– Ты же говорил, что любишь острое, – прищурилась на него Эля.
В общем, взяла его на «слабо». Потом смеялась над ним, когда Петр пытался продышаться после «средне-острого» супчика, и сердобольно подливала в стакан водички из предусмотрительно принесенного официантом кувшина с водой. А потом они обсуждали фильм, смеялись, пили зеленый чай.
А вечером был секс – горячий, страстный. Эля потом ему смущенно прошептала, что после средне-острого супчика у Петра был особенно горячий язык. Ну, ей так показалось. Да и ему она вся казалась невероятно горячей и очень-очень страстной.
Наверное, и в самом деле в паназиатской кухне дело. Надо будет туда еще раз сходить.
А в воскресенье они ездили гулять в парк, воспользовавшись хорошей погодой. А потом Петр, оценив, какой урон съестным припасам он нанес, затащил Элю в гипермаркет за продуктами и там набрал столько, что в машине все заднее сидение пакетами завалили.
И уже под вечер, ставя на завтра будильник на несусветную рань, чтобы успеть заехать перед службой домой и переодеться, Петр думал о том, что следующие выходные надо спланировать тщательнее. И таки привезти к Эле какой-нибудь запасной одежды и белья. Ну и бритву тоже, наверное.
– Ты приедешь ко мне сегодня?
Они провели вместе уже двое выходных подряд. И им обоим – и Петру, и Эле, это ужасно понравилось. Но в будние дни они не встречались. У Петра часто задержки на работе, Эля пропадает днями в мастерской, у нее какой-то срочный проект. Поэтому такой звонок в понедельник Петра насторожил. Как и ее голос – слишком ровный. Без эмоций. Для Эли это вообще не характерно.

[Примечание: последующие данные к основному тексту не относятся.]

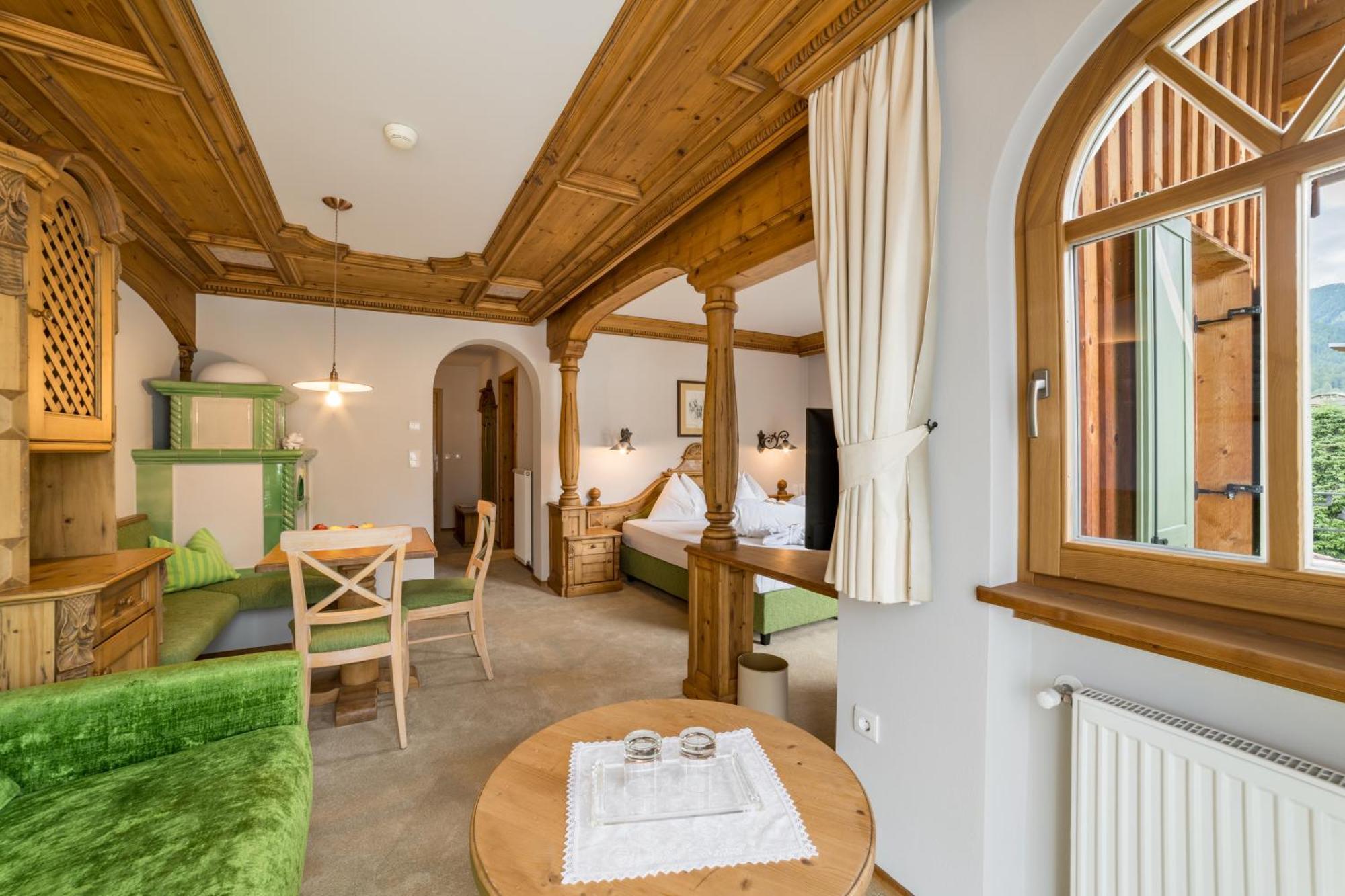 Mirabell Dolomites Hotel - Luxury Ayurveda & Spa Olang Экстерьер фото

– Если надо – приеду. Что-то случилось?
– Ну… – она вдруг закашлялась.
– Поварницын объявился?
– Нет, – ее ответ прозвучал неожиданно резко. – Просто мне нужно с тобой поговорить. И не по телефону.
– Понял. Приеду.
Петр не сразу смог переключиться с этого короткого телефонного разговора на работу. Что у Эли случилось? Что-то явно случилось, он это по голосу почувствовал. Если это не Поварницын, то что? Или кто? Версий не было. Поначалу не было. А потом неожиданная мысль огорошила его так, что Петр сначала замер, а потом подскочил, подошел к окну – и замер уже там, засунув руки в карманы штанов и глядя за окно. Только ни хрена он там, за окном, не видел.

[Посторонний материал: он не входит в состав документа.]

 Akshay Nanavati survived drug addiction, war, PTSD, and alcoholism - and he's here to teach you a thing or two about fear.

А если… если Эля беременна? И именно об этом хочет с ним поговорить? Именно поэтому ее голос звучал так скованно? Петр не понимал, как именно и почему такое предположение у него появилось, но оно имело под собой основания! Потому что самый первый раз, когда он эмпирическим путем выяснил, что Эля был уникального сорта вдовой – вот тот первый раз у них был без защиты. Потому что в тот раз Петр не планировал секс, он вообще на службе был! А Эля… Эля не подумала. Впрочем, подумать-то должен был он, хотя бы о прерванном – потому что опытнее. И потому что мужчина. А он не подумал.

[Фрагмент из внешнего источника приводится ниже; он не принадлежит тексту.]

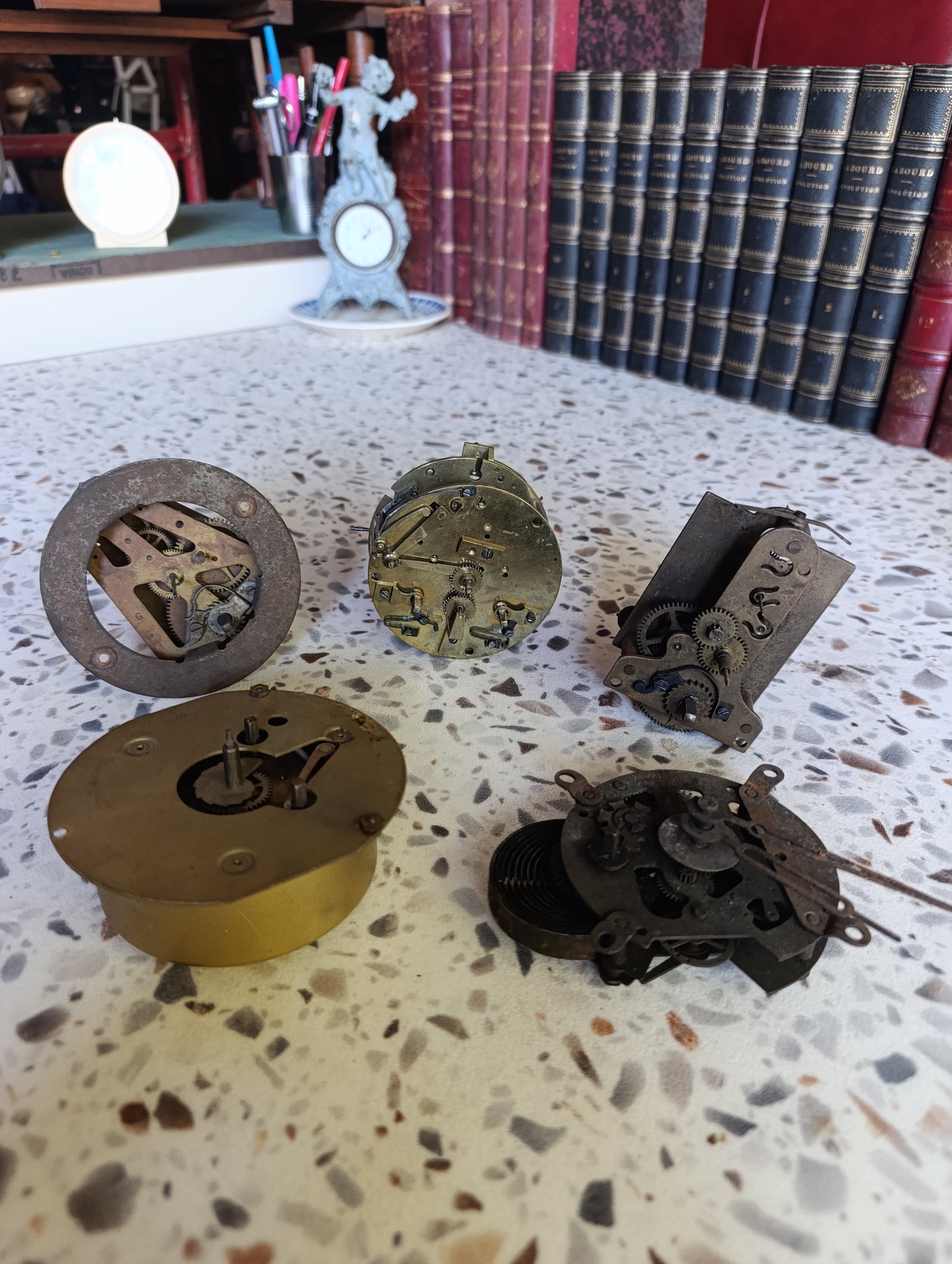 Lot de 5 mécanismes d’horlogerie anciens pour pendule et réveil – À restaurer ou pour pièces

Зато теперь ему представилась такая возможность. Думай, Петр Тихонович, думай. Пока голова не треснет.
Эля беременна. Эля беременна. Эля беременна. Он долго крутил эту мысль так и эдак, просто повторяя эту фразу, пока, наконец, в голове не появилось хоть что-то, отличное от этой фразы. Да, это возможно. И что дальше?
А дальше все складывалось как-то просто, но по заковыристой спирали. Первая мысль почему-то: «Вот родители обрадуются». А потом замелькали картинки: совместные завтраки, утро, когда он просыпается, а на его груди женская ладонь, пухлощекий младенец, про которого Петр совершенно не понимал, кто он – мальчик или девочка, и почему-то рыжий кот. Но самое поразительное было то, что во всей этой пестрой круговерти не было ни паники, ни неприятия. Немного свербело где-то, что жизнь его круто при этом изменится. Но эти перемены воспринимались как нечто неизбежное. Ну, как окончание школы или университета – все, данный этап жизни закончился, теперь ты не школьник или не студент. Нравится тебе это или не нравится – так устроена жизнь. Давай, шагай в новый ее этап.
Петр тряхнул головой. По всему так выходило, что он к этому этапу жизни… готов? Он еще раз тряхнул головой и в попытке вразумления или отрезвления собственной персоны попытался представить себя с младенцем на руках. Фантазия всегда была у Петра слабым местом, и представить не получилось. Зато получилось представить Элю с животом – так отчетливо, что Петр вздрогнул и в третий раз тряхнул головой. Именно на этом месте его размышления прервал Кораблев.
– Петр Тихонович, Макаров завтра обещал сдаться!